Provided data START
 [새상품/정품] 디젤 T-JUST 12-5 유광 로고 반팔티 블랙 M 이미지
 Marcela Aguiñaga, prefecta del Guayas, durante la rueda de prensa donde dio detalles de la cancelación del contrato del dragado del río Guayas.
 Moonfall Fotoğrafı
Provided data END
Provided data START
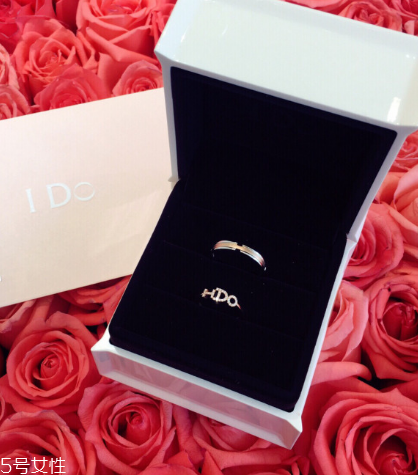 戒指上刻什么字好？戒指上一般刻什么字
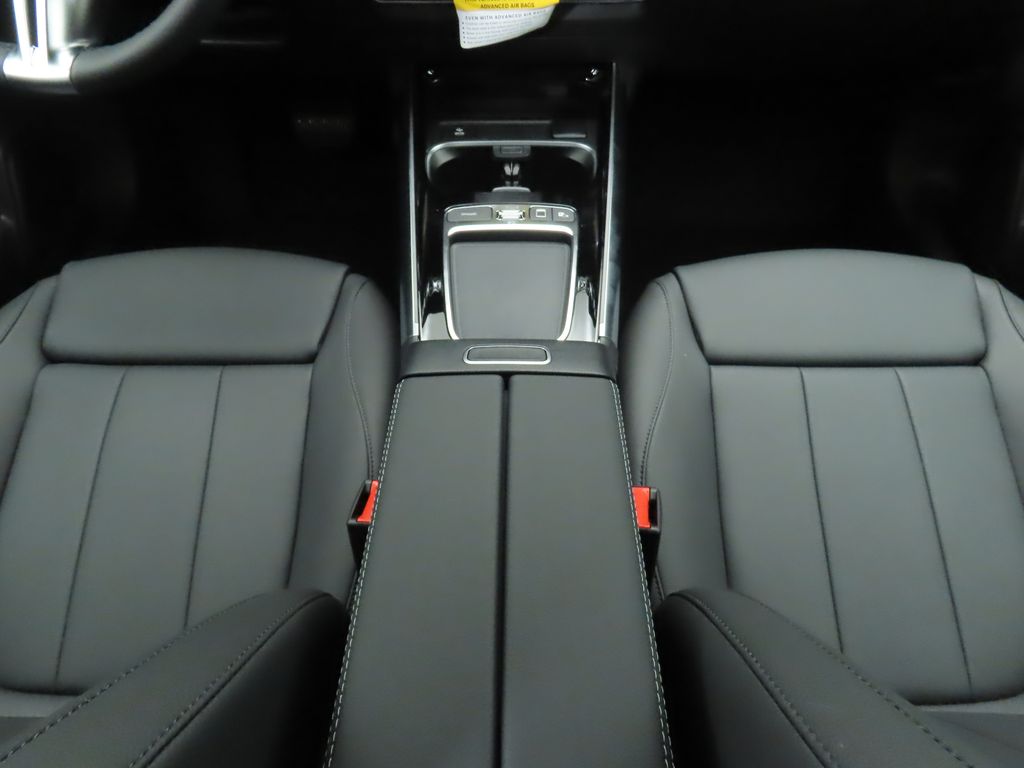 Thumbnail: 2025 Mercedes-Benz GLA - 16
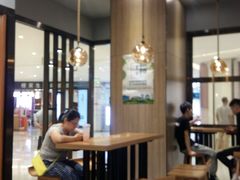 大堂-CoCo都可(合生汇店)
Provided data END
Exercise goal:
From the line containing "Thumbnail: 2025 Mercedes-Benz GLA - 16" through the line containing "大堂-CoCo都可(合生汇店)", copy every line above exactly, without pictures.

Your solution:
 Thumbnail: 2025 Mercedes-Benz GLA - 16
 大堂-CoCo都可(合生汇店)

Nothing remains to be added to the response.